GeoBrief: The big picture of the Ukraine crisis

The Ukraine crisis is certainly not over. To state the obvious, the Ukraine issue is an international crisis that escalates and de-escalates within the broader protracted conflict of Russia-EU-NATO-US, depending on developments.

This protracted conflict is nothing new. It’s the result of a new and emerging international order. To remember Antonio Gramsci: “The Old World is dying and the New World struggles to be born: now is the time for monsters”. The Realist theory of International Relations has a similar view: whenever there is lack of balance in the structure of the international system, instability and conflict ensue.
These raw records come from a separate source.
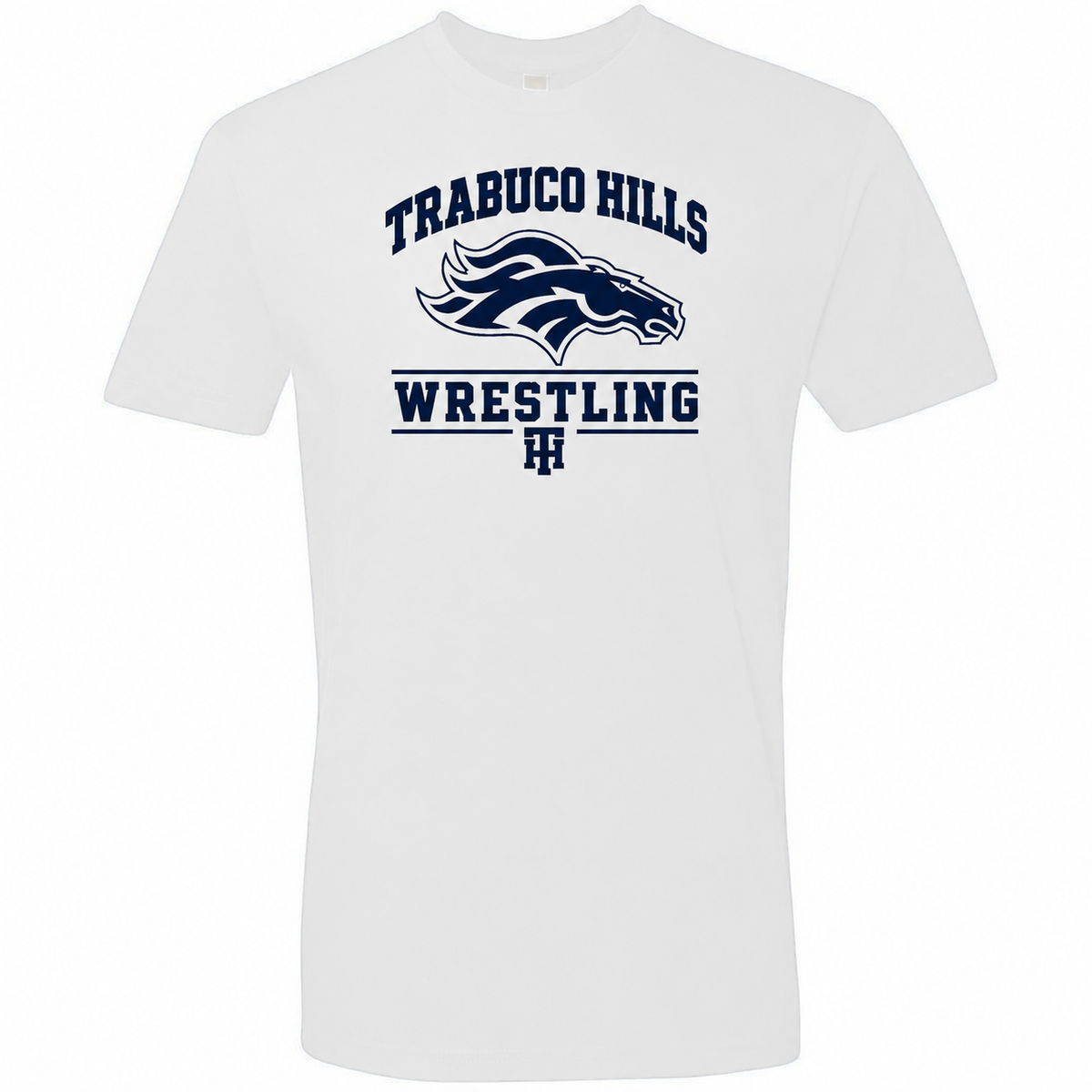 Men's | Trabuco Wrestling Monochrome Navy | Crew
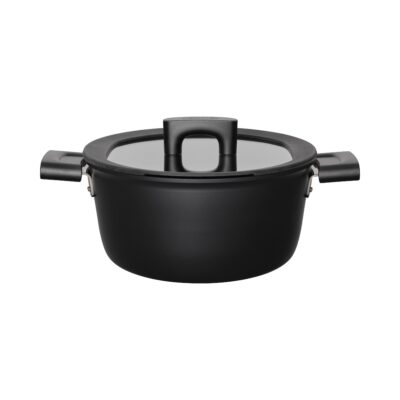 Fiskars Hard Face kattila 3,5 L / 22 cm kannella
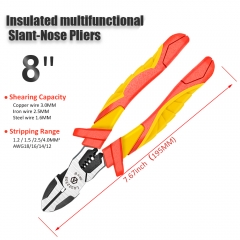 Diagonal pliers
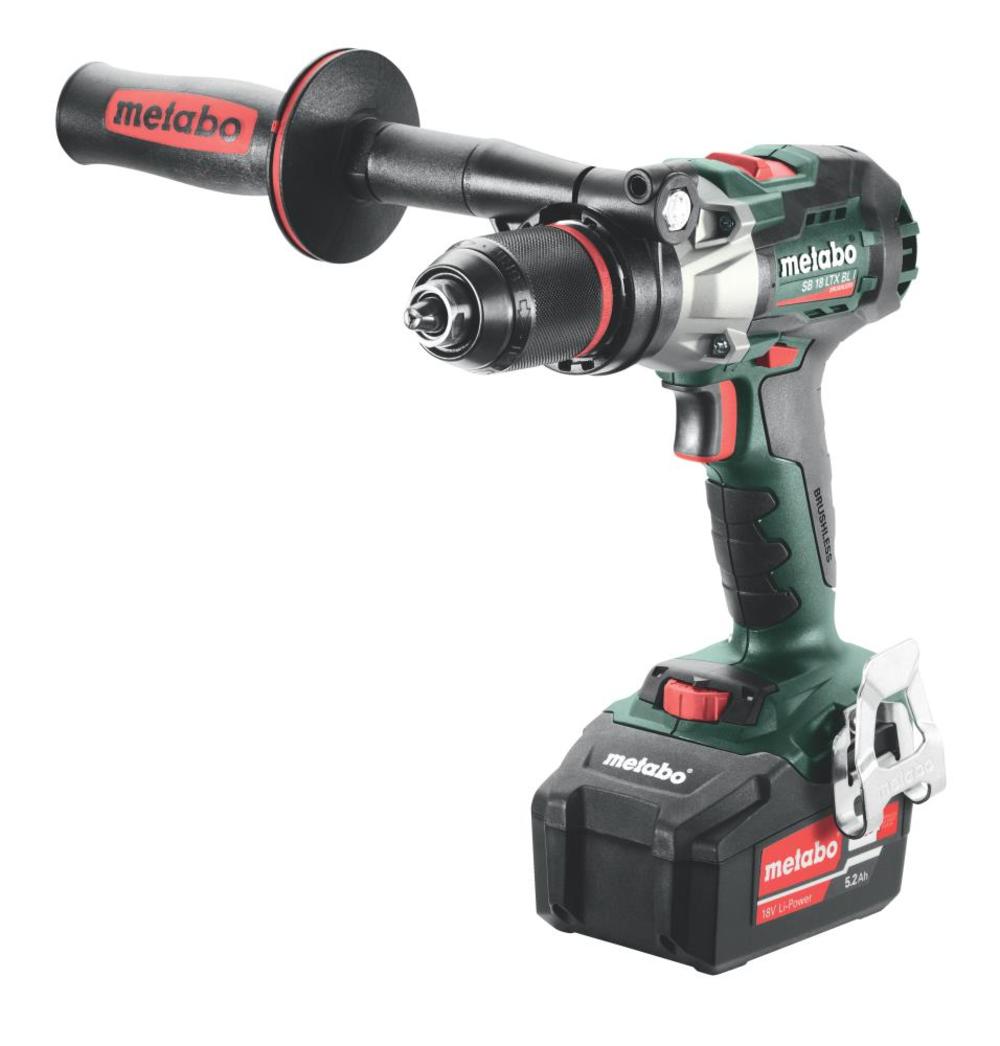 Metabo SB18LTXBL18V Cordless1/2″ Hammer Drill Kit - Ascmtools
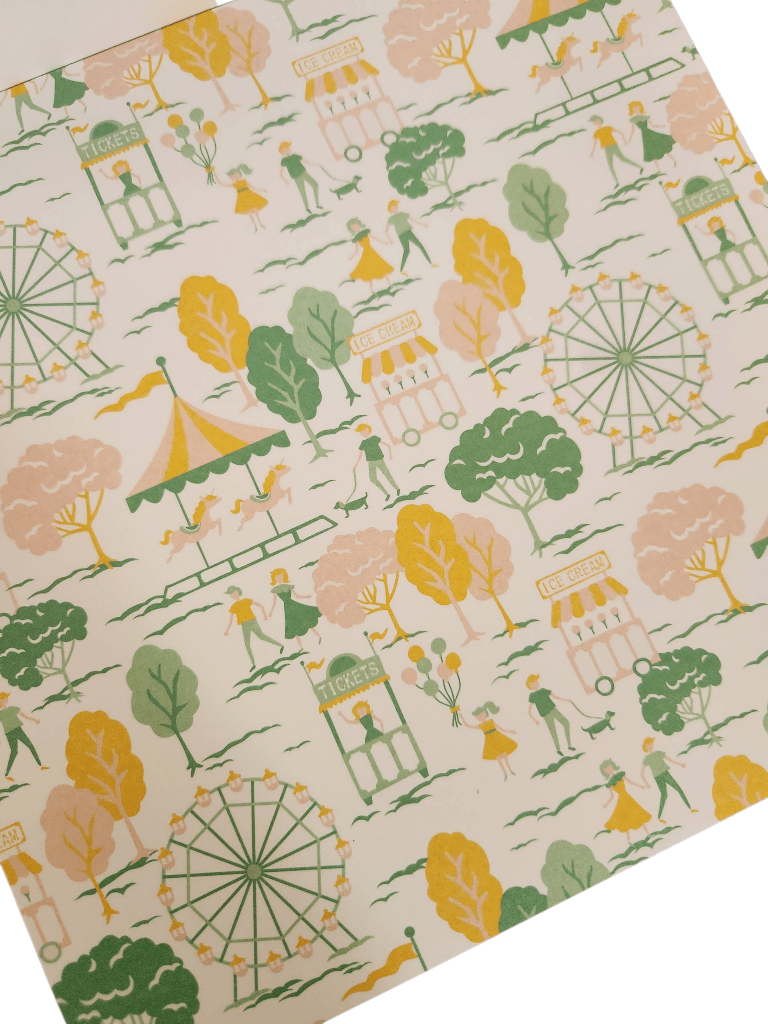 BLOCK CARTULINAS SCARBOOKING 25.5X25.5CM 24 hojas VARIOS DISEÑOS 11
What we have here are two intertwined dynamics of the post-Cold War era:

  1. The fact that Russia has overcome its post-Cold War Post-Traumatic Stress Disorder (PTSD) and as a rising power wants to exert influence and claim a key international/global role.
  2. American “hegemony” is in partial retreat (which entails reduced willingness for engagement), NATO faces limitations and the Euro-Atlantic security architecture is under reconfiguration.

As such, Russia is not simply responding to severe threat perceptions e.g. regarding NATO’s expansion or the security of its energy exports, but is also testing the limits of the Euro-Atlantic security architecture diplomatically, geopolitically and militarily. And it does so because it wants to expand its own sphere of influence in Eurasia and beyond, as well as become an agenda-setting player regarding the global balances of power in the “day after”. This includes to one degree or another the relationship with China as well.
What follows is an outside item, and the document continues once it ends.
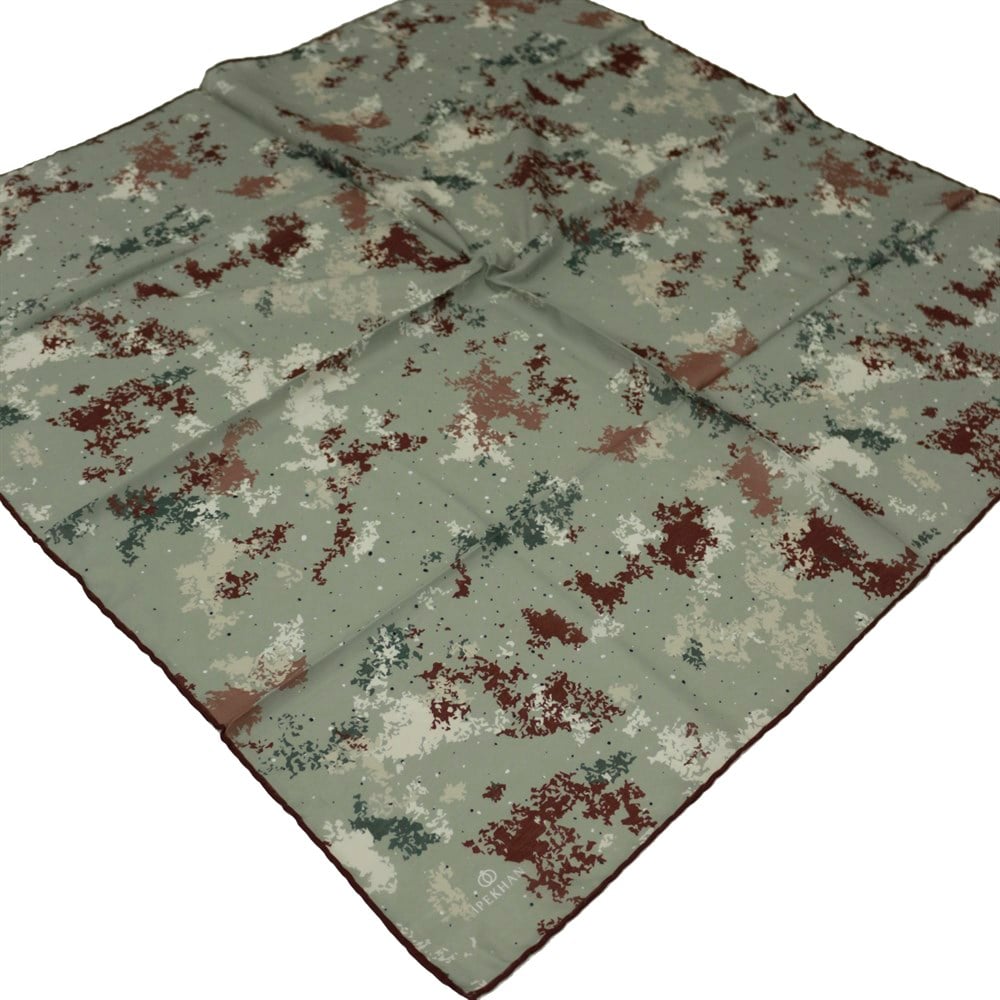 İpekhan Pamuk Eşarp - Çok Renkli - IHE011-17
Of course this creates or exacerbates other geopolitical antagonisms as well, for example between Russia and Turkey. But that is a whole other chapter and should again be seen in the context of a multipolar world (that pehaps has not yet come to be), where rising powers can tolerate each other – and compromise with compartmentalized relations – insofar as that allows them to climb the ladder of international power against the previous, established (Western) order. This much is common between Russia and Turkey, despite divergences.
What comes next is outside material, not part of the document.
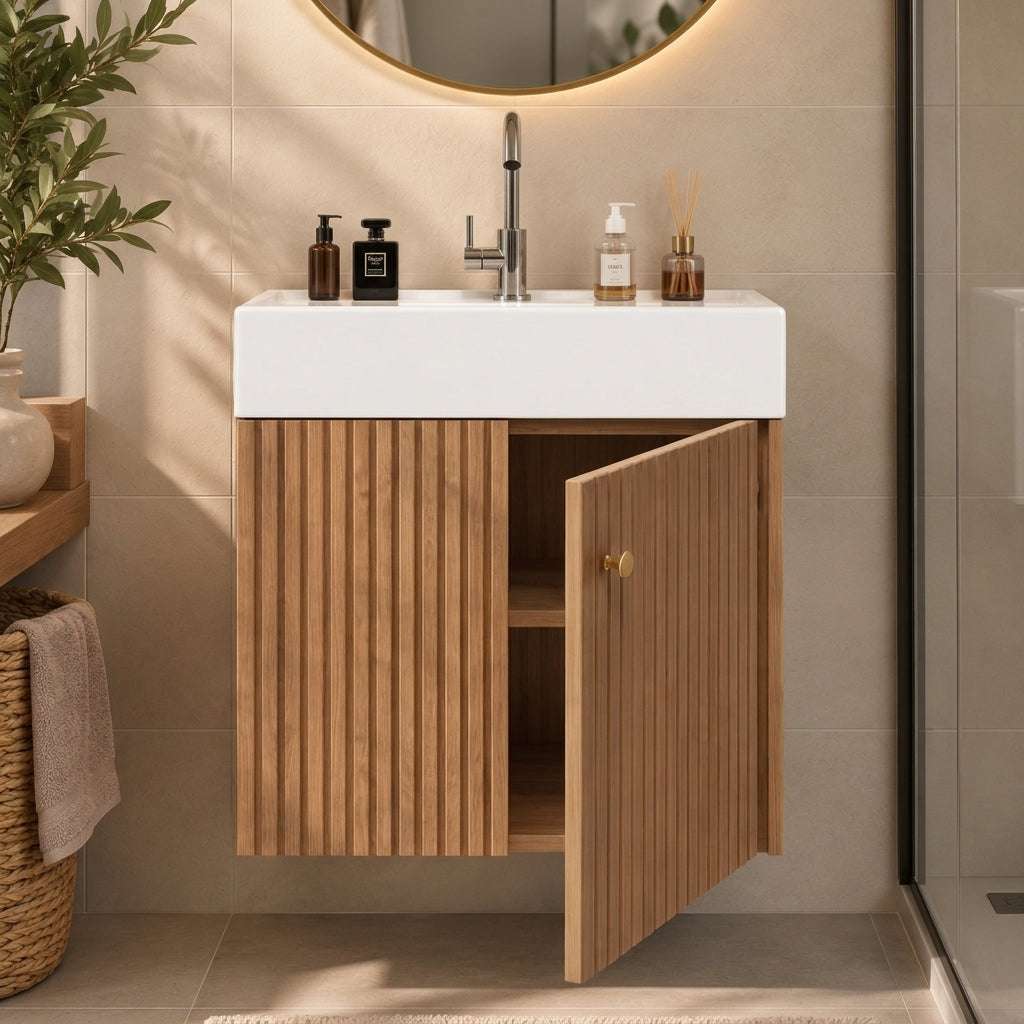 Meuble Vasque Salle de Bain | Moderne & Minimaliste | oryabain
The EU is still unable to respond as a Union. Germany’s ties with – or dependence on – Russia have proven more effective in dealing with the crisis for the time being, than French diplomacy. Which, again points to the limitations of France’s “EU strategic autonomy” project. At the same time, Germany and the US are not exactly on the same page, though the NATO framework still provides some degree of cohesion. And yet significant compromises had to be made for “de-escalation”. Shelving Ukraine’s NATO accession was no small thing, though it happened before.

I believe it’s safe to say that, as far as this phase of the protracted conflict is concerned, Russia has been successful – not least by demonstrating its importance for the EU’s economy and security. The US on the other hand has been unable to convince; Washington’s public discourse has been a fiasco.

Overall, unless there is some kind of settlement on the protracted conflict, Ukraine crisis won’t be resolved. But this doesn’t work the other way around: a “solution” on the Ukraine crisis – whatever that may be – won’t resolve the protracted conflict that stems from fluctuations in the international order.